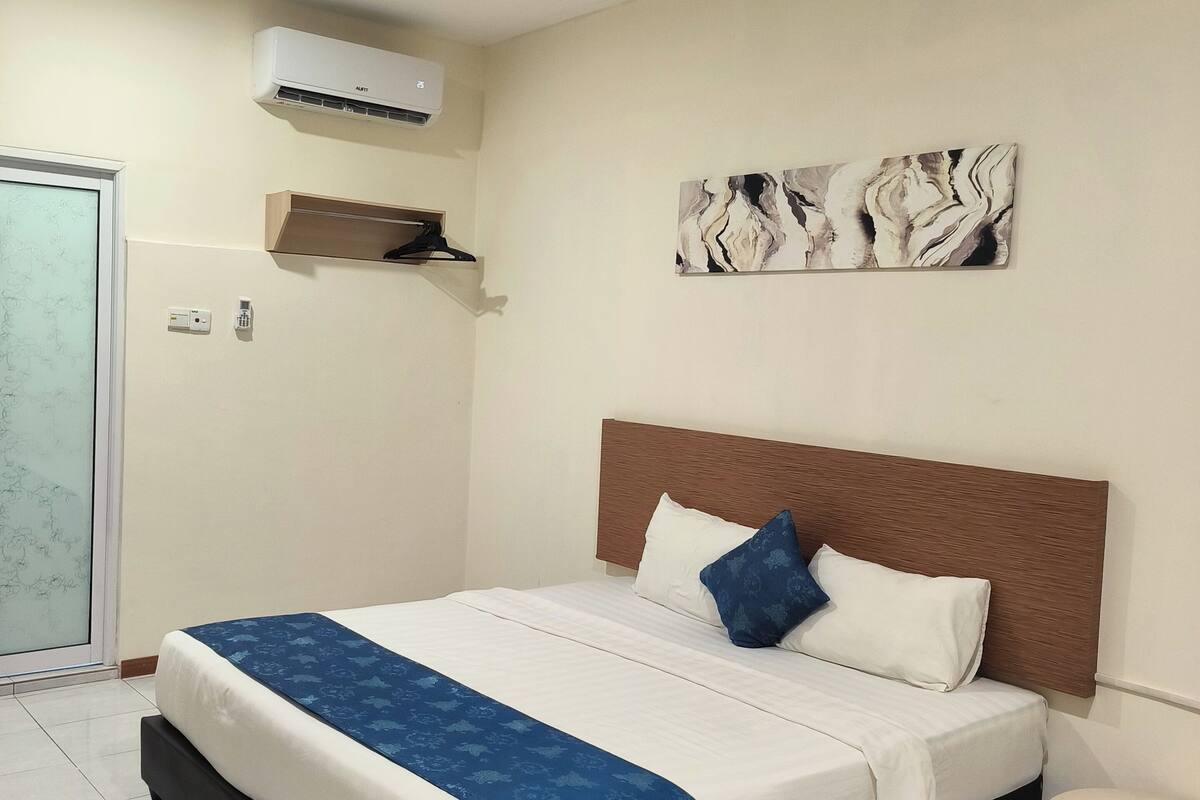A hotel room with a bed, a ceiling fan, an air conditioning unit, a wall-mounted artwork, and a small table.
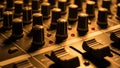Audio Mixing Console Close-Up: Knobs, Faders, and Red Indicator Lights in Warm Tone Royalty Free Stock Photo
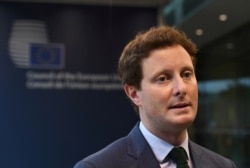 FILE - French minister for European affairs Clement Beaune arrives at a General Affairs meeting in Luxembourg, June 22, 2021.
==
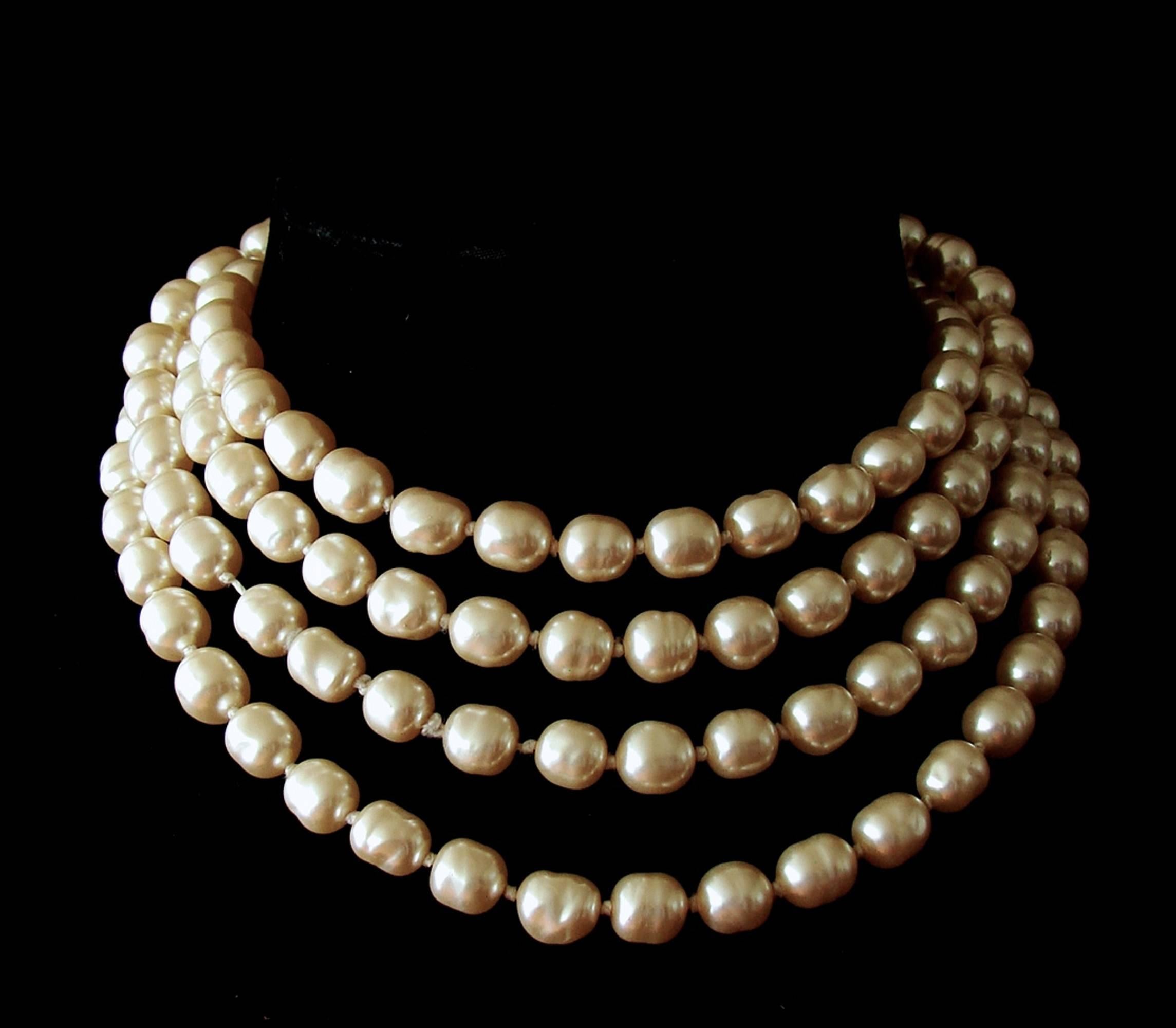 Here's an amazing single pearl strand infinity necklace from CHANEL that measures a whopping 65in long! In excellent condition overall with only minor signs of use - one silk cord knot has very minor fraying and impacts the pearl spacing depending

[Required action] Transcribe, from the material above, the stretch starting at the line with "A hotel room" and ending at the line with "FILE - French", both included, exactly. Do not carry over pictures.

[Task output]
A hotel room with a bed, a ceiling fan, an air conditioning unit, a wall-mounted artwork, and a small table.
Audio Mixing Console Close-Up: Knobs, Faders, and Red Indicator Lights in Warm Tone Royalty Free Stock Photo
 FILE - French minister for European affairs Clement Beaune arrives at a General Affairs meeting in Luxembourg, June 22, 2021.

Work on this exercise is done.